## EXERCISE AIM
Where an entry holds an image, leave the image out; otherwise reproduce the entry exactly.

## ENTRIES SUPPLIED
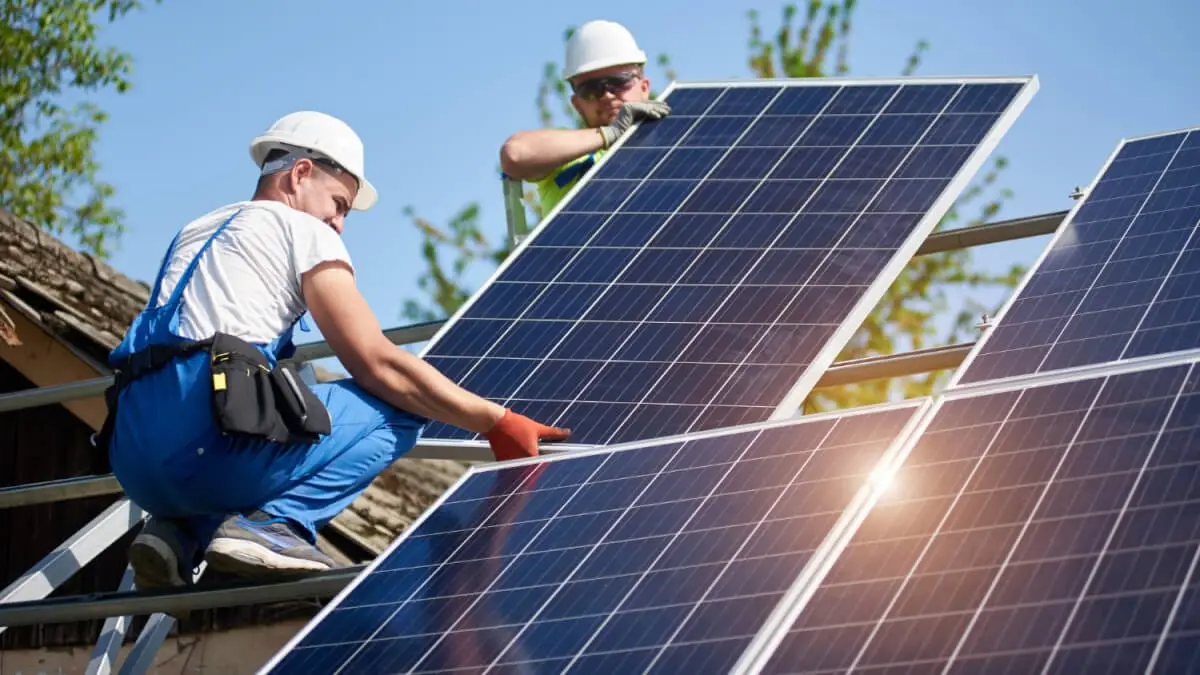 Solenergileverantör Västervik: Smart Solar Norden AB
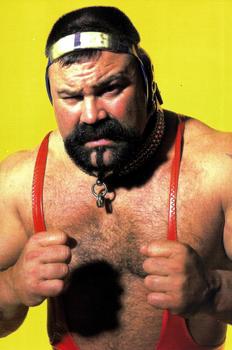 Rick Steiner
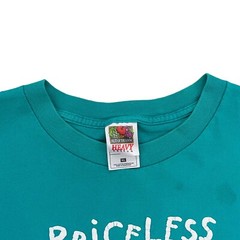 Vintage 2003 Priceless Shirt Size XL – Girl Horse Love
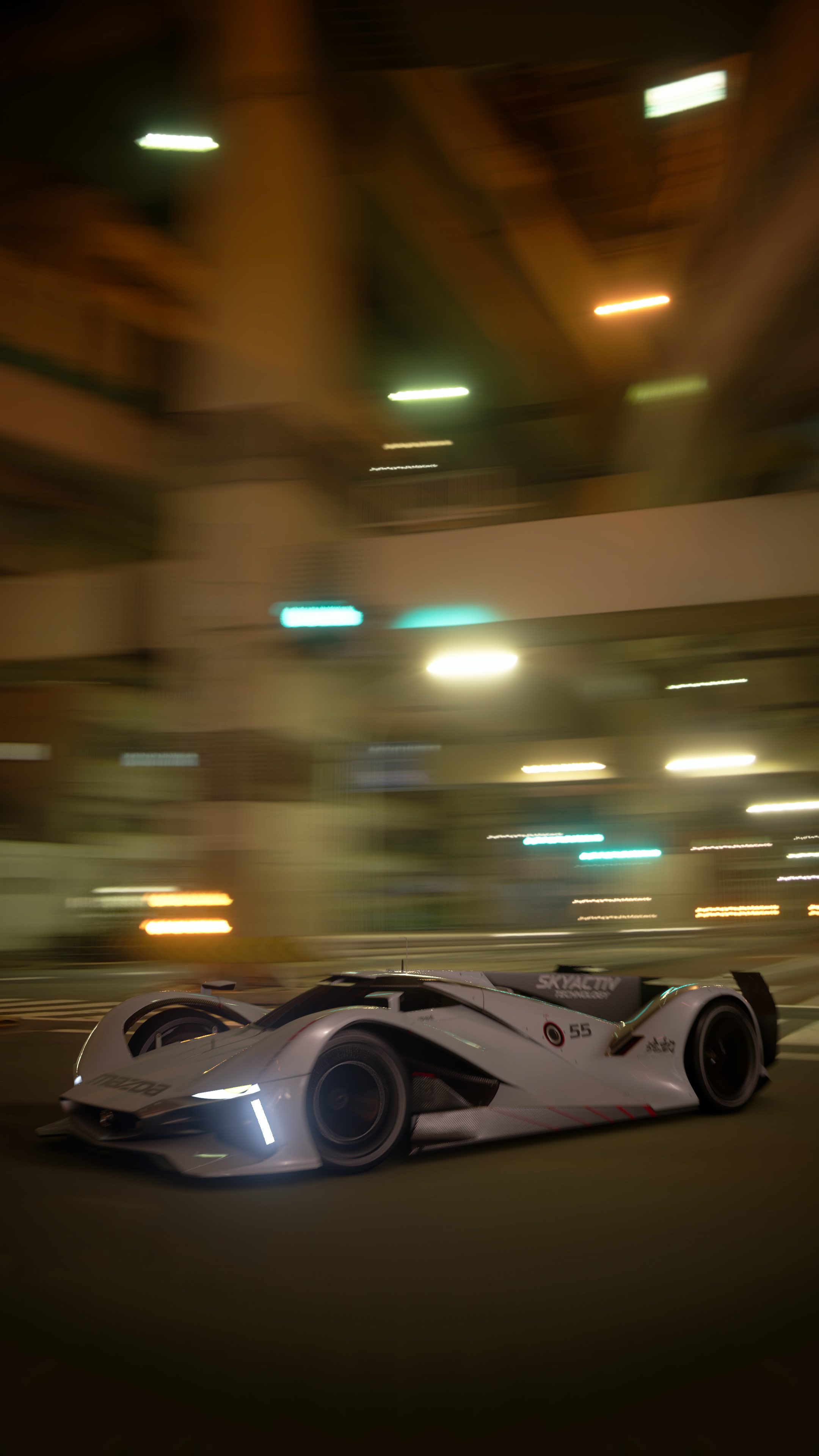 GTS Mobile phone wallpaper thread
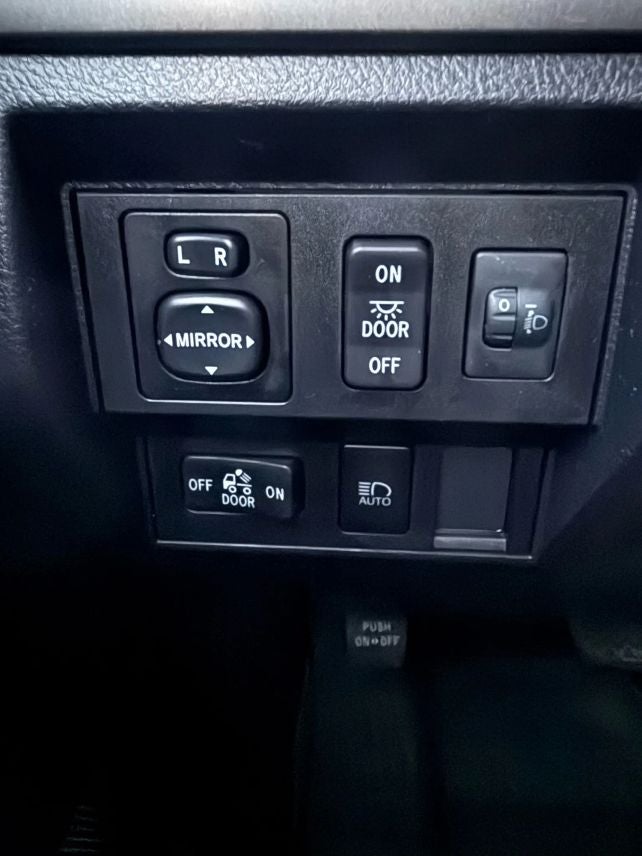 2021 Toyota Tundra Double Cab SR5 Pickup 4D 6 1/2 ft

## RESULT
 Solenergileverantör Västervik: Smart Solar Norden AB
 Rick Steiner
 Vintage 2003 Priceless Shirt Size XL – Girl Horse Love
 GTS Mobile phone wallpaper thread
 2021 Toyota Tundra Double Cab SR5 Pickup 4D 6 1/2 ft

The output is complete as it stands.